The Region

Back From The Brink: The Greenspan Years

Book Review

Kevin L. Kliesen | Economist, Federal Reserve Bank of St. Louis

Published September 1, 1997  | September 1997 issue

By Steven K. Beckner
John Wiley & Sons,
452 pages

Book coverThe formulation of monetary policy has been compared to making sausage—what counts is the final product, not how it is made or, heaven forbid, what ingredients are used. This characterization, while perhaps unfair, probably owes to the star chamber-like qualities that people attach to the Federal Open Market Committee (FOMC), the Fed's main policy-making arm.

Couched at the center of this stage, of course, is the chairman. Whether testifying before Congress, or giving a speech to business groups, a key aspect of the chairman's job is to communicate the central bank's goals and objectives to the public. Often, this is done in a convoluted manner. Chairman Alan Greenspan himself has made light of this unique ability to engage in "Fed-speak": "Since I've become a central banker I've learned to mumble with great incoherence. If I seem unduly clear to you, you must have misunderstood what I said." To many economists, however, Federal Reserve officials who hem and haw just enough to introduce a shadow of doubt end up doing just that, thereby introducing an element of uncertainty that may make financial markets less sure about the central bank's commitment to its primary objective—maintaining the dollar's purchasing power over time (price stability).

Journalist Steven Beckner, who has covered monetary policy since the beginning of the Greenspan years, has written a useful book that goes beyond the regular elliptical utterances of the Fed chairman. Although his praise of the chairman is a bit effusive in spots, and the economic analysis is somewhat dated—for example, portions of the book cry out for someone with better knowledge of recent advances in macroeconomic theory—it nevertheless helps to demystify what goes on at FOMC meetings.
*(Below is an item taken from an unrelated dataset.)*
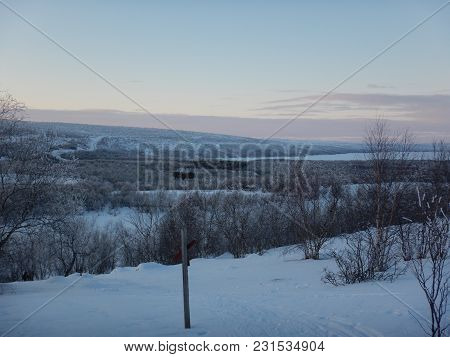 Frozen Trees In Winter Lappland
This book should be viewed as two separate entities. The first part encompasses the period from Chairman Greenspan's appointment in August 1987 to the end of 1991. This part of the book is the most useful because it draws upon available FOMC transcripts. Regrettably, without the help of FOMC transcripts, the second part of the book, which probes the discussion of policy-making during the 1992-96 period, provides few new insights into the policy-making process.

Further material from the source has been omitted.